Padahal jika potensi kekuatan agung manusia tidak dikontrol atau dipertimbangkan dengan pengetahuan transenden seperti akal, intuisi, dan agama maka akan terjadi kekisruhan, sebagaimana yang terlihat dalam perang dunia dan apa yang terjadi dalam dunia posmodernite. Sebagian ilmuan barat pun mengakui bahwa terjadinya perang dunia dikarenakan persoalan itu. Mereka menyebutnya sebagai masyarakat massa.

Fenomena ini menjadi perhatian sebagian pemikir eksistensialisme seperti Heidegger. Manusia dalam pengertian demos ialah sistem pengaktifan kebutuhan-kebutuhan material dan psikis yang didasarkan pada kecendrungan nafsani. Demokrasi salah satu tahapan aktualitas realitas eksternal kecendrungan nafsani manusia. Demi mengayomi segala kebutuhan sebagian individu tertentu, dibentuklah dasar-dasar demokrasi, dalam setiap priode dan juga dalam beragam bentuk pemikiran, Sebagaimana yang telah didefinisikan oleh liberalisme klasik mengenai demokrasi ialah kalangan elitis dan menengah yang mampu membayar pajak.

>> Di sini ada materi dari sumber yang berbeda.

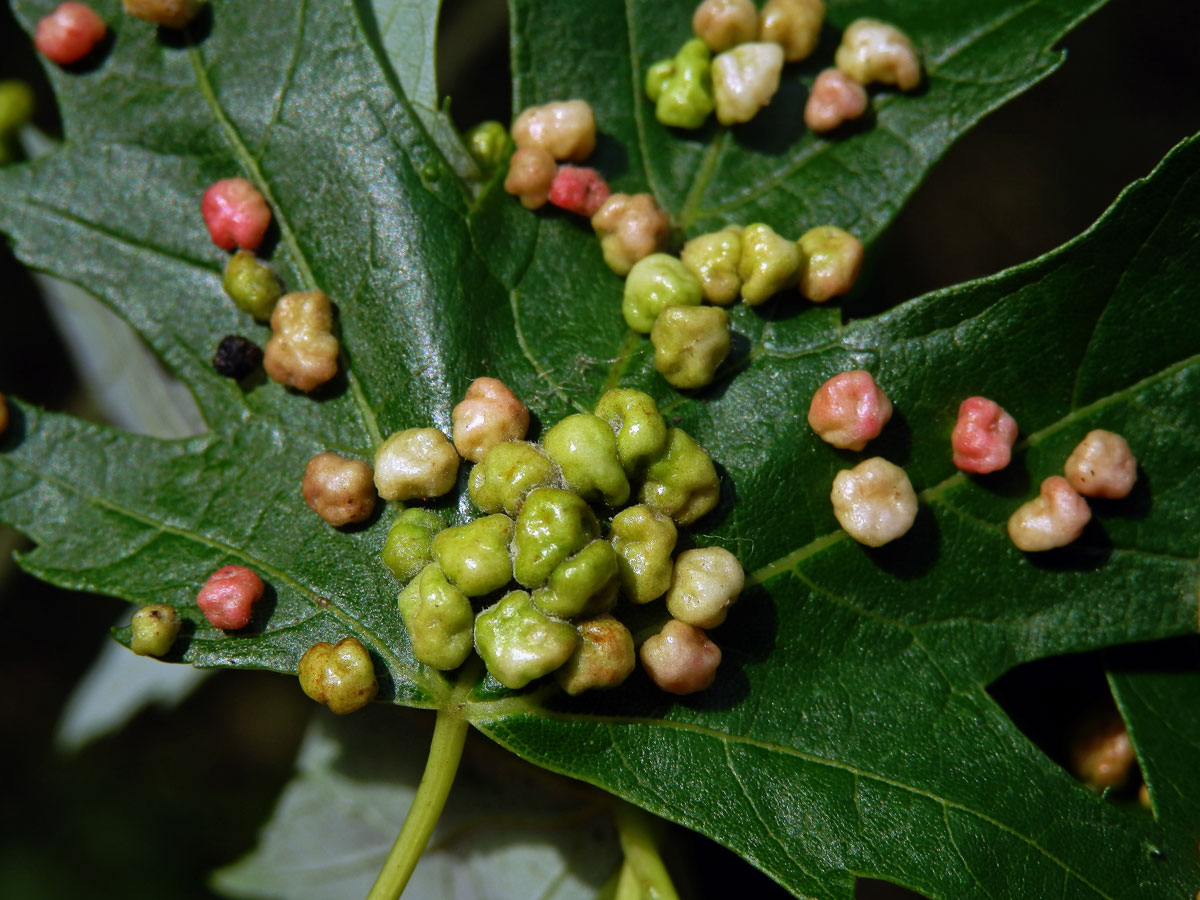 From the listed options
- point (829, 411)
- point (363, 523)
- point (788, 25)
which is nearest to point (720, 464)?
point (829, 411)

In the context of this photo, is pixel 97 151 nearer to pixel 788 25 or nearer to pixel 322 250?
pixel 322 250

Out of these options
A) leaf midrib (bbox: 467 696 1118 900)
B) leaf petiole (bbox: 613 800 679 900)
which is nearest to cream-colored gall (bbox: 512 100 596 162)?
leaf midrib (bbox: 467 696 1118 900)

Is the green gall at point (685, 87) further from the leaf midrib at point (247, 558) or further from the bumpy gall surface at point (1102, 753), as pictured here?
the bumpy gall surface at point (1102, 753)

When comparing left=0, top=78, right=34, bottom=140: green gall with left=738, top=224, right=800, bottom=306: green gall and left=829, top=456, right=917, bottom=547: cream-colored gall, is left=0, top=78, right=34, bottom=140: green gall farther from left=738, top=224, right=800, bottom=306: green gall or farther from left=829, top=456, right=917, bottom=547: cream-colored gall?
left=829, top=456, right=917, bottom=547: cream-colored gall

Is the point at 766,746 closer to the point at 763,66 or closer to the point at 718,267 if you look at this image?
the point at 718,267

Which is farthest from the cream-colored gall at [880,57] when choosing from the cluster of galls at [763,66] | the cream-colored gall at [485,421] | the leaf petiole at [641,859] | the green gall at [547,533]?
the leaf petiole at [641,859]

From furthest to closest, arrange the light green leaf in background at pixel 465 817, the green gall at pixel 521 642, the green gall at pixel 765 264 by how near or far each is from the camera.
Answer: the light green leaf in background at pixel 465 817
the green gall at pixel 765 264
the green gall at pixel 521 642

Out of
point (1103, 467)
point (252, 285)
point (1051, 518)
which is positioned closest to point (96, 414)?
point (252, 285) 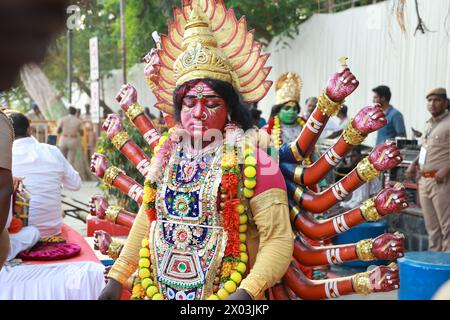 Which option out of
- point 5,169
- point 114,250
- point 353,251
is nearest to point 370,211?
point 353,251

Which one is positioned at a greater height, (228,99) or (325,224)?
(228,99)

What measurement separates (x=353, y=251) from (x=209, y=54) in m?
1.14

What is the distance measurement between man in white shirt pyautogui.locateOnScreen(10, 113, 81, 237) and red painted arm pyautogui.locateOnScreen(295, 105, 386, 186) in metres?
2.52

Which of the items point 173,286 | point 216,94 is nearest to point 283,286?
point 173,286

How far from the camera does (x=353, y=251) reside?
2969 mm

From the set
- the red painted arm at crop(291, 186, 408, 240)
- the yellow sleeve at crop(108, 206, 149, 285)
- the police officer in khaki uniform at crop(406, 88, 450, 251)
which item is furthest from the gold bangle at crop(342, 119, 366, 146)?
the police officer in khaki uniform at crop(406, 88, 450, 251)

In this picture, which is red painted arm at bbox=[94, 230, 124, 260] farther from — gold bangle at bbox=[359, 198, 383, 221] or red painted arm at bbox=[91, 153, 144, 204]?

Karl Marx menganggap ploretar nasionalis, kalangan feminis, fasisme, dan ras ariya sebagai jelmaan dari demos. Dan bahkan embrio demokrasi yaitu pada masa  yunani kuno menganggap laki-laki merdeka atena (lawan dari perempuan-perempuan, budak-budak, dan para transmigran) sebagai jelmaan demos. Aspek yang membedakan antara demokrasi dengan bentuk-bentuk pemerintahan lainnya, bukan pada kesamaan hak suara dan kebebasan untuk semua, karena sebagaimana yang kami sampaikan, fasisme salah bentuk dari demokrasi. Namun yang membedakannya dapat terlihat pada tahap awal yaitu hak legislator yang terpisah dari Tuhan dan juga meletakkan kecendrungan nafsani sebagai hal yang mendasar, bukan keinginan-keinginan Ilahiyah. Karena itu dalam pandangan ini, apakah diasumsikan bahwa ada alam immateri, atau jika pun diyakini keberadaannya, tidak memiliki peran yang penting dalam mengatur alam ini.